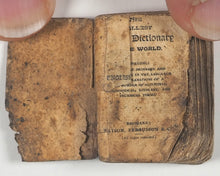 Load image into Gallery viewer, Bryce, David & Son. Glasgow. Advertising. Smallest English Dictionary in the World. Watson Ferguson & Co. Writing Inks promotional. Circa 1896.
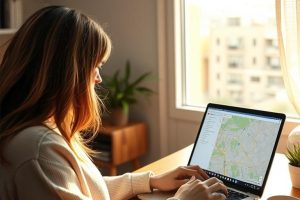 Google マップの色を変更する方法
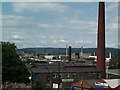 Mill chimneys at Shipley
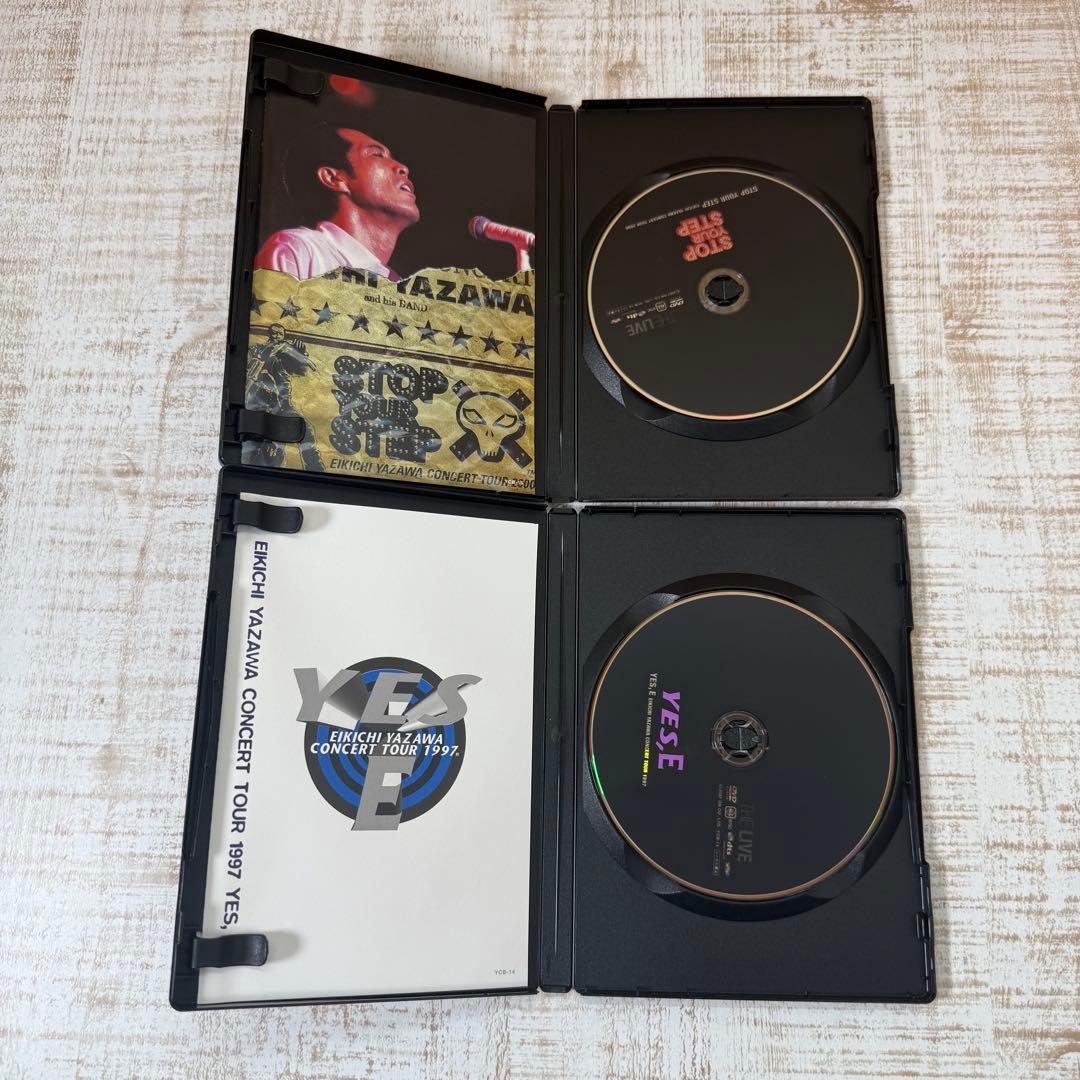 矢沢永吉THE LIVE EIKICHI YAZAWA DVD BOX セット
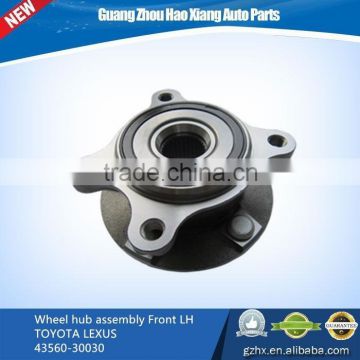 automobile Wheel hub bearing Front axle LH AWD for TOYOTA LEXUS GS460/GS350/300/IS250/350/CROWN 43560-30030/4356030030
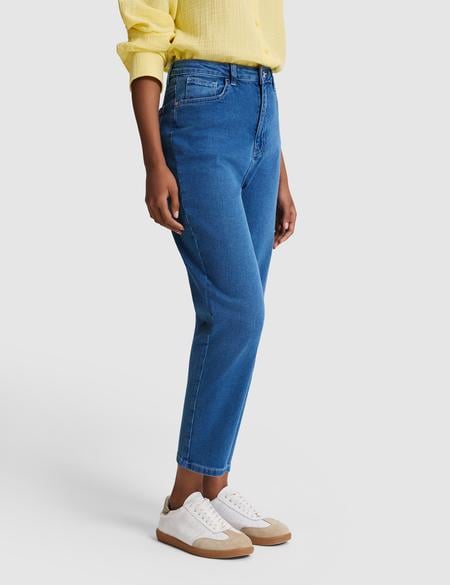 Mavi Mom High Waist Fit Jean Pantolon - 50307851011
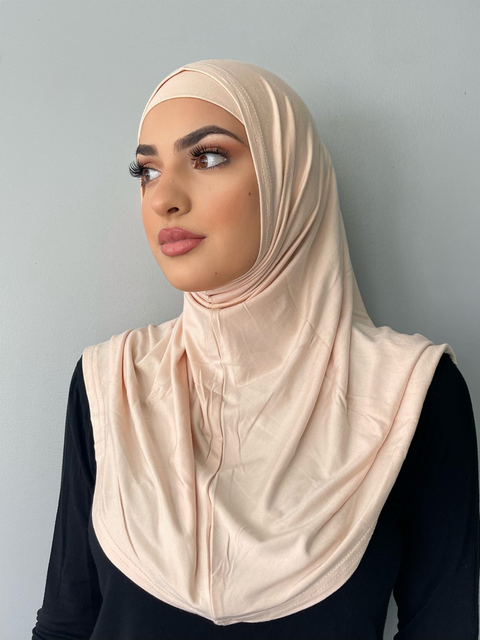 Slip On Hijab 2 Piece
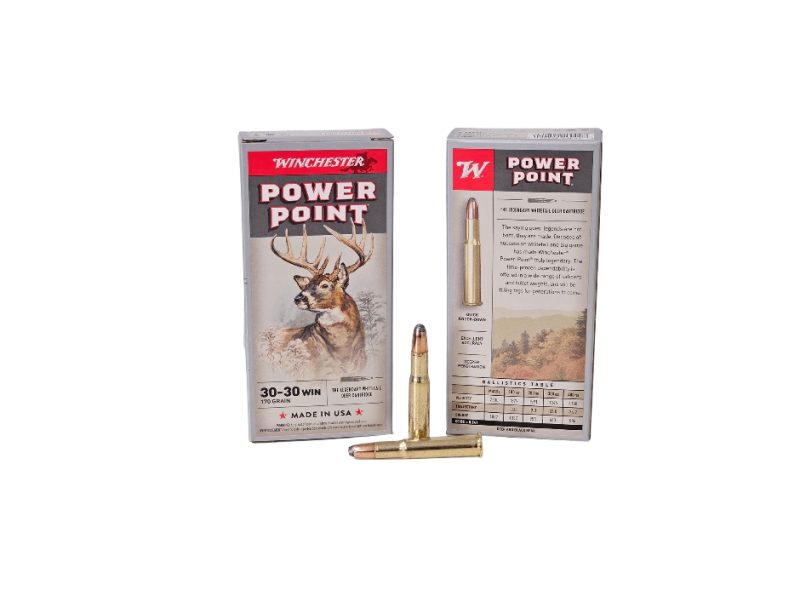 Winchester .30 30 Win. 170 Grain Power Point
-=-=-
§ Work order
Restate exactly, please, only the lines between the start of the data and the line containing "Slip On Hijab 2 Piece", both ends included, skipping the pictures.

§ Result
 Load image into Gallery viewer, Bryce, David & Son. Glasgow. Advertising. Smallest English Dictionary in the World. Watson Ferguson & Co. Writing Inks promotional. Circa 1896.
 Google マップの色を変更する方法
 Mill chimneys at Shipley
 矢沢永吉THE LIVE EIKICHI YAZAWA DVD BOX セット
 automobile Wheel hub bearing Front axle LH AWD for TOYOTA LEXUS GS460/GS350/300/IS250/350/CROWN 43560-30030/4356030030
 Mavi Mom High Waist Fit Jean Pantolon - 50307851011
 Slip On Hijab 2 Piece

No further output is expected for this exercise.